Most systems wait for the signal. The better ones learn to anticipate it.
What to Take Back to Your System
The principles here apply beyond Atlas:
Forecast demand, not utilization. Utilization is downstream of your scaling decisions. If you forecast it directly, you create a feedback loop that invalidates your model. Forecast the thing your users control, not the thing you control.
Build self-censorship into predictive models. A model that knows when it’s wrong and hands off gracefully is far more useful than one that’s confidently incorrect. The Long-Term Forecaster’s accuracy-based confidence scoring is a pattern worth stealing.
Know your error rate by segment. MongoDB excluded the 13% of replica sets where the Estimator was too inaccurate. Not every system is predictable.
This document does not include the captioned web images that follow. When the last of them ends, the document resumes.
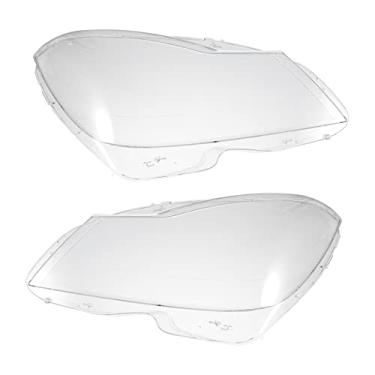 Imagem de X AUTOHAUX 1 par de faróis dianteiros de carro tampa de lente transparente para farol PC Shell para Mercedes Benz C Class W204 2011-2015 A2048203539 A2048203639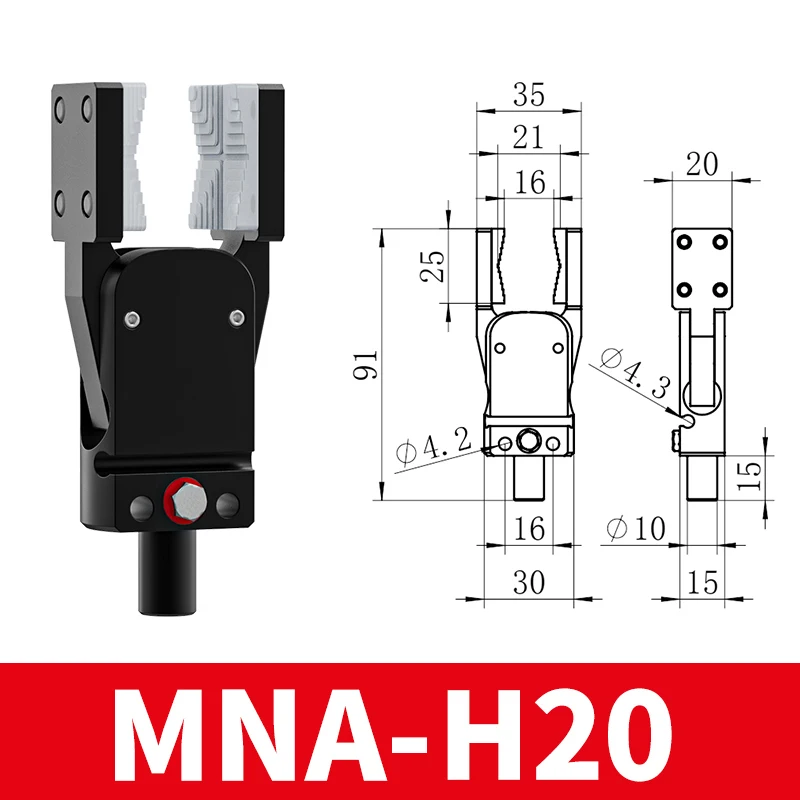 MINIA con Sensor en forma de arco y cilindro de aire de agarre abierto ancho, Mini pinza de Robot neumática robótica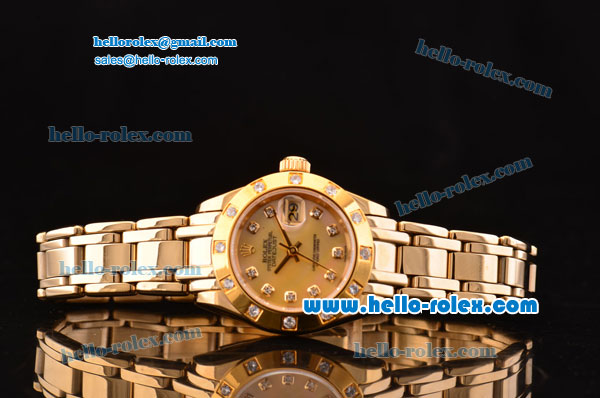 Rolex Datejust Lady Pearlmaster 2813 Automatic Gold Case with Yellow MOP Dial Diamond Markers and Yellow Gold Strap ETA Coating - Click Image to Close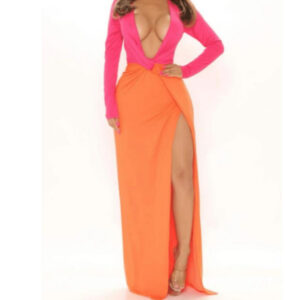 Hot Pink and Orange Maxi Dress V Neck Long Sleeve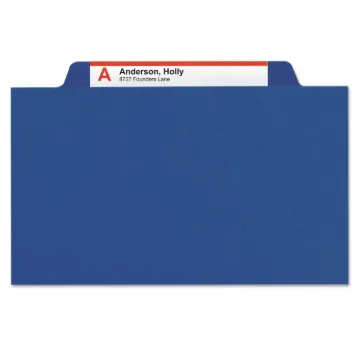 Six-Section Pressboard Top Tab Classification Folders with SafeSHIELD Fasteners, 2 Dividers, Letter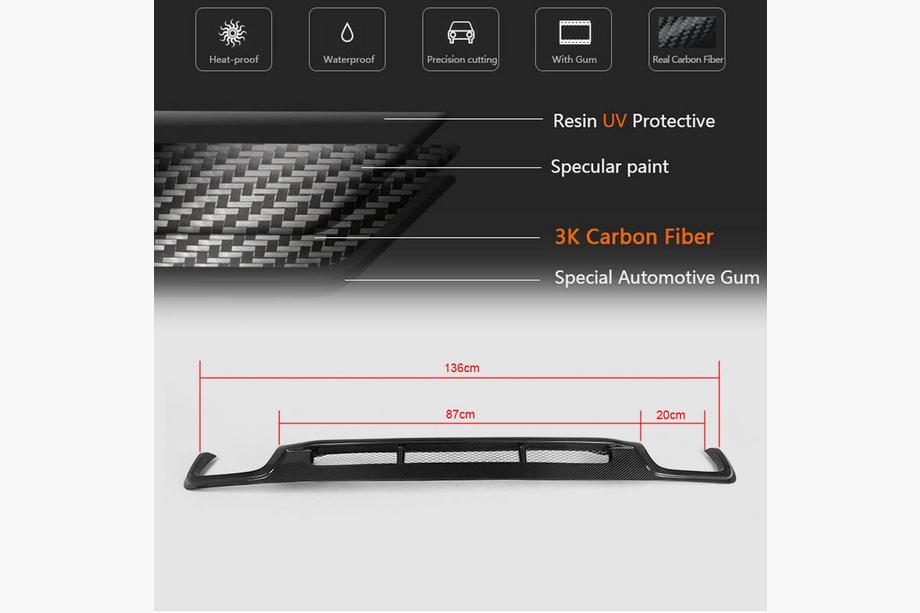 BMW 5-sarja F10/F11 2010–2016 Takapuskurin diffuusori (F10 Base 2010-2013, hiilikuitu) Kuva 5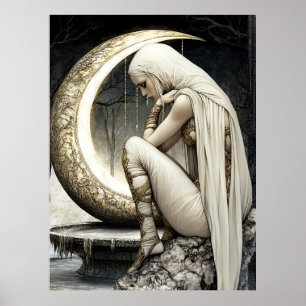 Affiche de la déesse du croissant de lune enchanté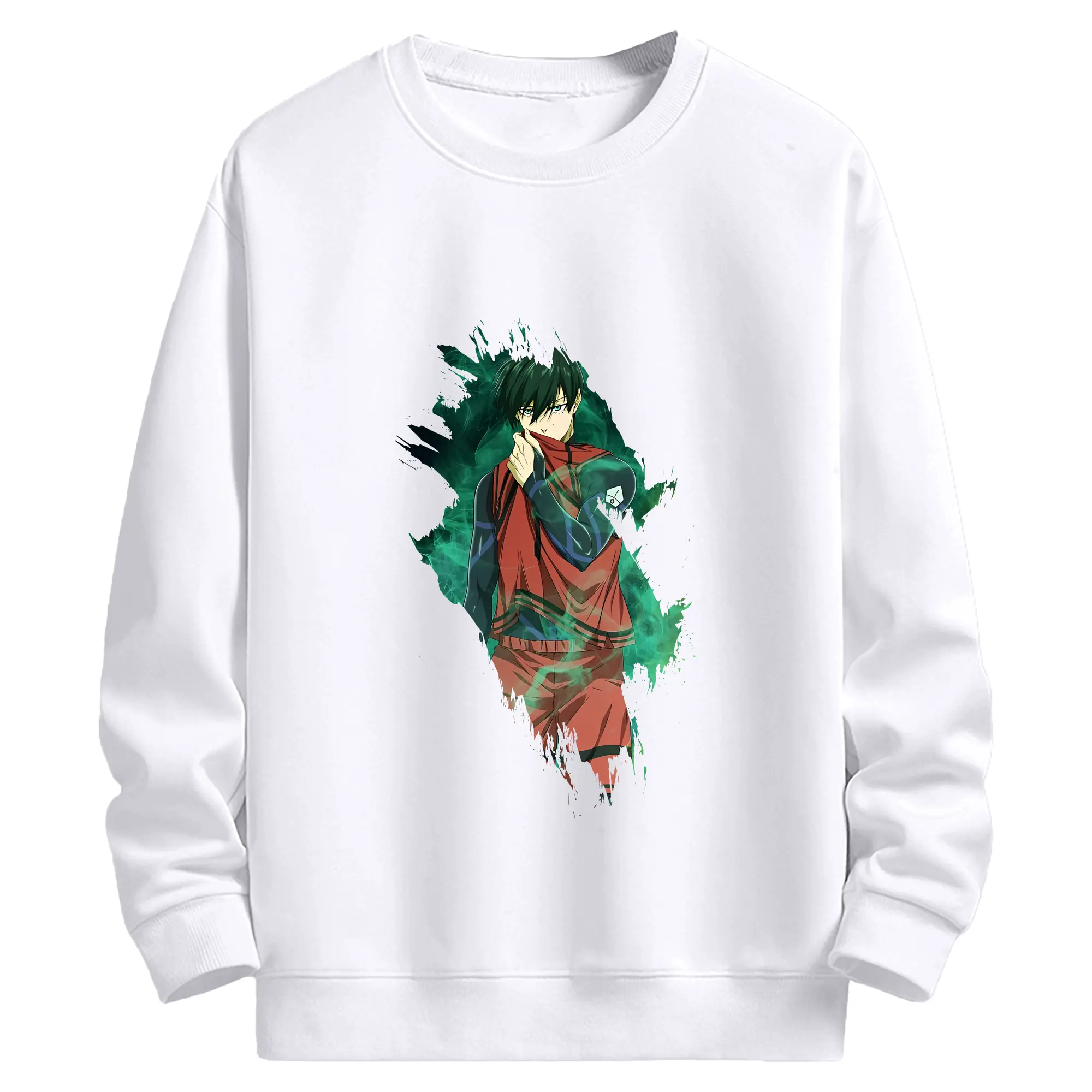 ブルーロック グッズ 糸師凛 - 高品質 クルーネック スウェット ・ コットン59％ ポリエステル41％ ・ ユニセックス 長袖 トレーナー ・ カジュアル デイリー スポーツ 散歩用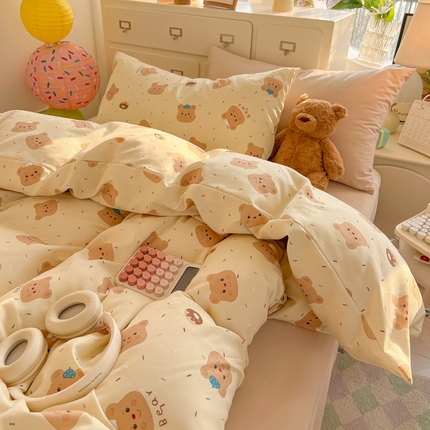 韩巢家纺 2025新款水洗棉印花AA版四件套 奥利奥小熊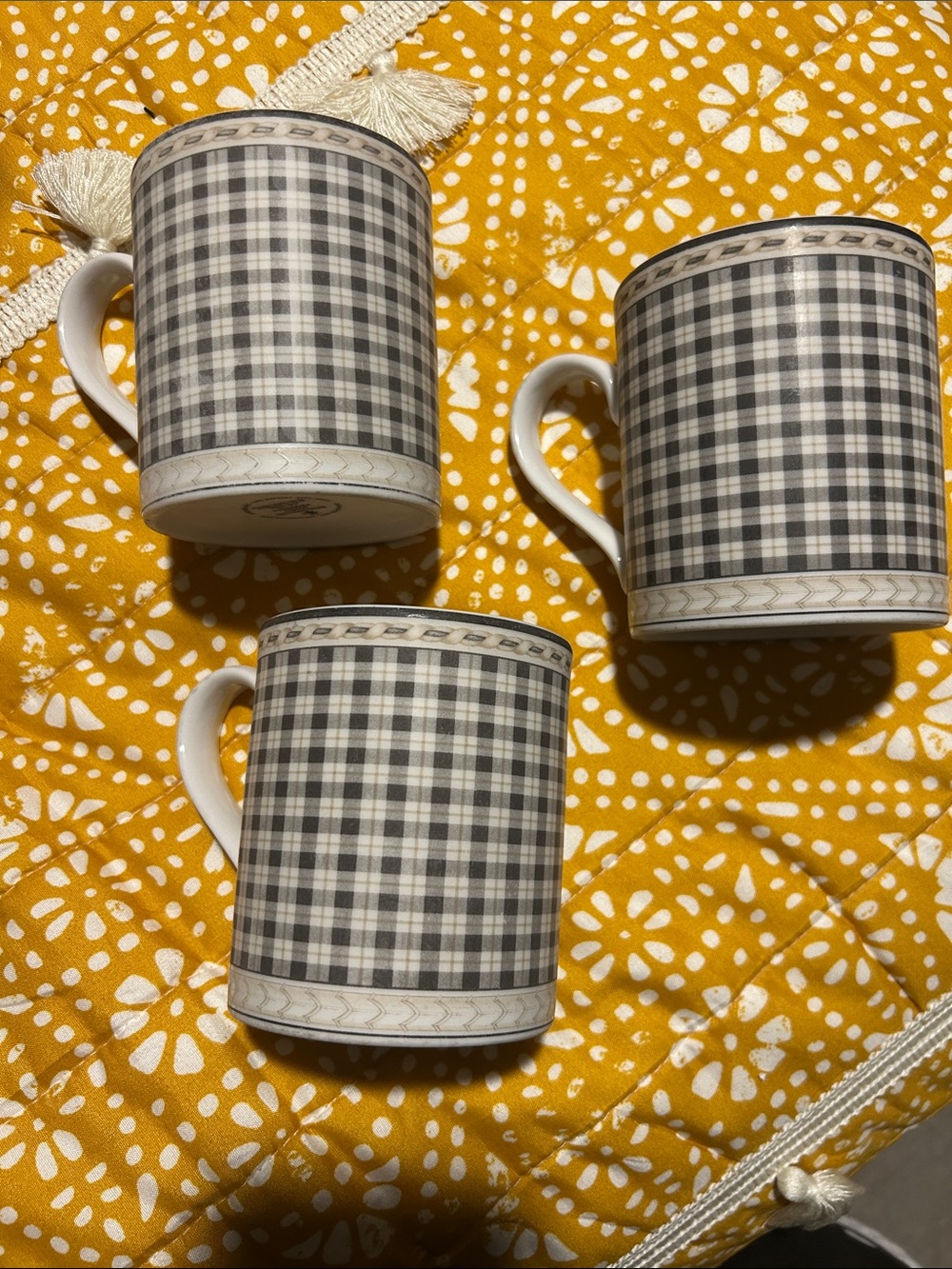Royal Doulton Black and Cream Plaid Porcelain Mug Set of 3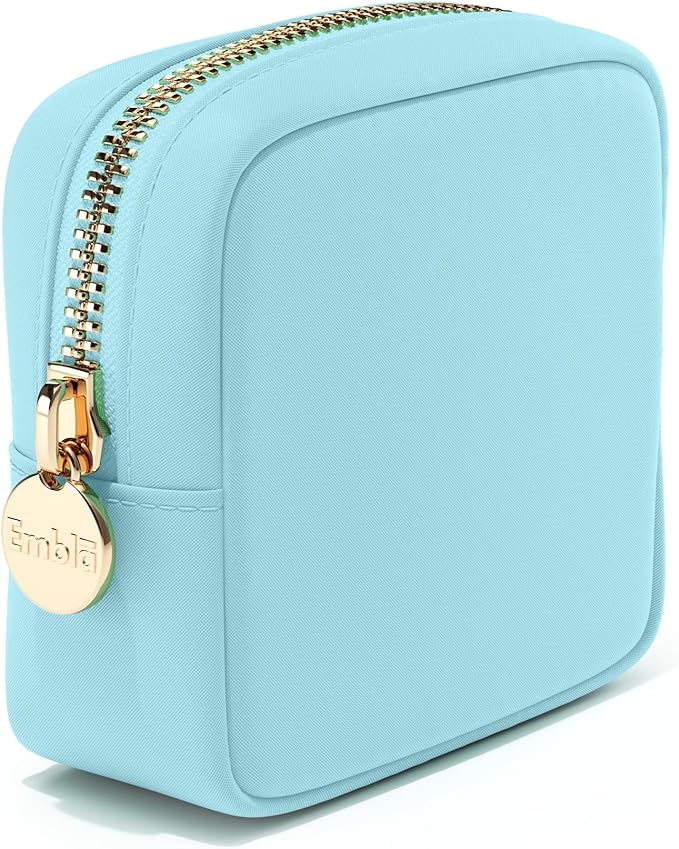 Embla Small Makeup Bag for Purse, Mini Waterproof Nylon Cosmetic Pouch, Durable and Lightweight Travel Toiletry Bag with Smooth Zipper, Turquoise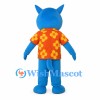 Wolf Mascot Costume in Blue with Orange Floral Shirt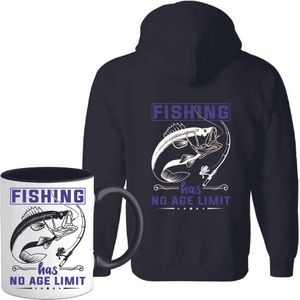 T-Shirtknaller Vest met koffiemok | Fishing Has No Age Limit  - Vis / Vissen / Vishengel Kleding | Heren / Dames Vest Cadeau | Kleur zwart | Maat S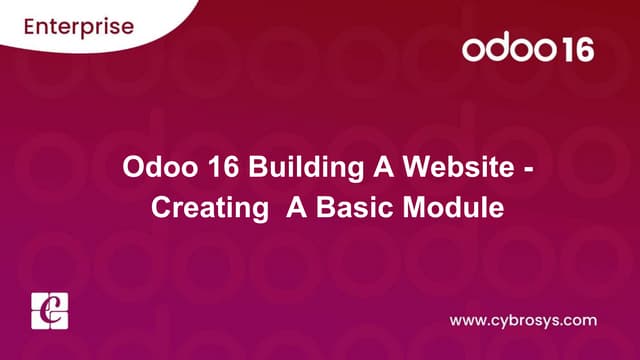 Copy of Odoo 16 Building A Website - Creating  A Basic Module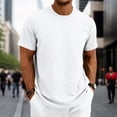 thumbnail image 2 of XAOFW Summer Casual Solid Color T Shirts For Man Stretch Relaxed Fit Round Neck Short Sleeve Tees Home Lounging Comfortable Top, 2 of 6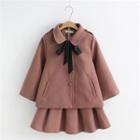 Set: Pocketed Button Coat + Plain A-line Skirt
Admitting that — and falling back cleanly — is better than applying a model everywhere and getting inconsistent results.
And if you want to think about how you’d measure whether your own infrastructure is predictable, the observability fundamentals we covered here are a reasonable starting point, specifically the section on metrics cardinality and what you’re actually measuring.
The reactive scaler isn’t going away. But for workloads with patterns, waiting for the alarm to fire is leaving performance and money on the table.
MongoDB proved you can do better. The math isn’t complicated. The hard part is being honest about when your predictions are trustworthy — and building a system that knows the difference.